Die Verhaltentherapie entstand in den 1960er Jahren. Der Grundgedanke war, dass Problemverhalten wie „normales“ Verhalten erlernt wird und somit auch „verlernt“ werden kann. Im Laufe der Zeit rückten kognitive Aspekte in den Vordergrund. Neben dem Verhalten werden auch die Gedanken des Patienten in den therapeutischen Prozess einbezogen. Wie man selbst eine Situation interpretiert wirkt sich letztlich darauf aus, wie man sich fühlt. Ebenso wird das Verhalten durch die individuelle Sichtweise beeinflusst. Im Laufe des Lebens erwirbt jeder Mensch unterschiedliche Verhaltens- und Erlebensmuster. Manche davon erweisen sich als nützlich, andere als hinderlich. In der Verhaltenstherapie geht es darum, wenig hilfreiche Verhaltensweisen durch nützliche Alternativen zu ersetzen. Hierbei wird auch an den individuellen Interpretationen und Denkstrukturen gearbeitet. Verhaltenstherapie kann auch als „Hilfe zur Selbsthilfe“ verstanden werden. Das in den Therapiesitzungen Erarbeitete soll vom Patienten in Form von Übungen in den Alltag übertragen werden. Die Eltern spielen dabei oft eine co-therapeutische Rolle.


Wie läuft eine Psychotherapie bei Kindern und Jugendlichen ab?

Seit dem 01.04.2017 ist es Pflicht, vor der Aufnahme einer Psychotherapie eine psychotherapeutische Sprechstunde besucht zu haben. Diese dient zunächst der diagnostischen Abklärung. Der Therapeut soll sich einen ersten Eindruck über die Problematik verschaffen und beurteilen, ob es sich um eine behandlungsbedürftige Symptomatik handelt. Jedem Patienten stehen je nach Notwendigkeit bis zu fünf Sprechstunden à 50 Minuten zu. Wird als Empfehlung eine psychotherapeutische Behandlung ausgesprochen, steht es dem Patienten frei, sich bei dem Therapeuten, bei dem er die Sprechstunde wahrgenommen hat, auf die Warteliste setzen zu lassen bzw. eine Therapie zu beginnen oder sich nach einem anderen Therapeuten umzusehen.

Im Anschluss an die Sprechstunde(n) finden zwei bis sechs sogenannte probatorische Sitzungen statt. Diese dienen zum einen dem Kennenlernen. Es wird geschaut, ob „die Chemie stimmt“. Zum anderen soll aber auch eine weitere diagnostische Abklärung erfolgen. Gemeinsam wird ein erstes Störungsmodell erarbeitet. D.h. es wird eine Theorie über die Entstehung und Aufrechterhaltung der Problematik entwickelt. Abschließend werden individuelle Behandlungsziele definiert.

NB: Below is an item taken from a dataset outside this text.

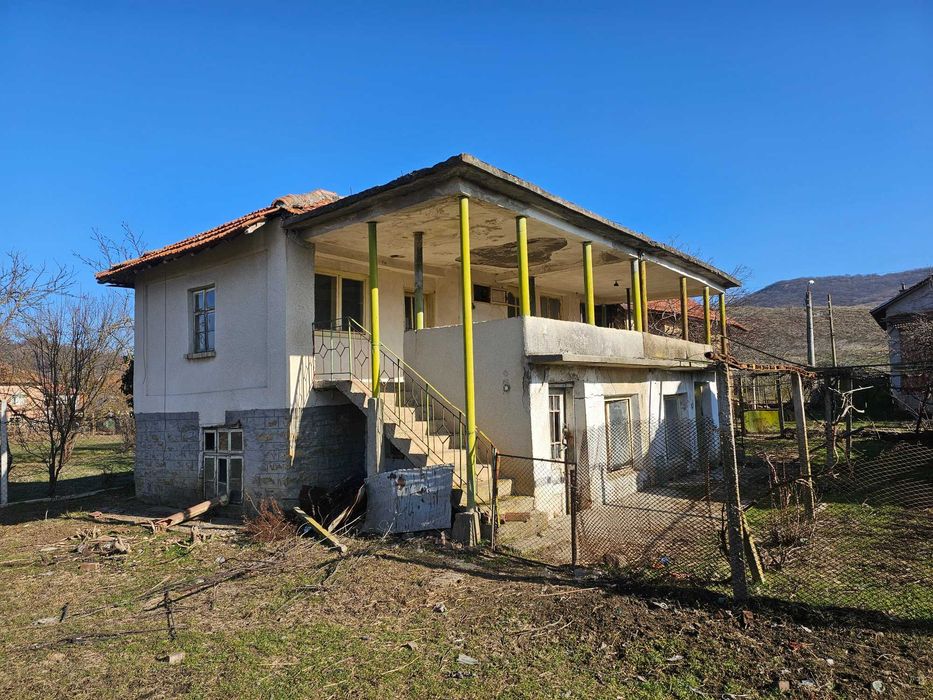 Продавам Къща с.Смочан на 10км от Ловеч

Daraufhin kann eine Kurzzeittherapie (12 – 24 Sitzungen) oder eine Langzeittherapie (60 – 80 Sitzungen) bei der Krankenkasse beantragt werden. Welches Stundenkontingent für den jeweiligen Patienten sinnvoll und notwendig ist, wird individuell und in Abhängigkeit von u.a. der Motivation und der Ausprägung der Symptomatik entschieden. Im Anschluss an eine Kurzzeittherapie besteht die Möglichkeit, diese in eine Langzeittherapie umzuwandeln, sofern dies notwendig erscheint. In die Behandlung von Kindern und Jugendlichen werden in der Regel relevante Bezugspersonen eingebunden. Regelmäßige Termine mit diesen stellen einen wichtigen Baustein in der Verhaltenstherapie statt. Neben den Eltern können beispielsweise auch Lehrer, Erzieher oder Vor-/Mitbehandler hinzugezogen werden.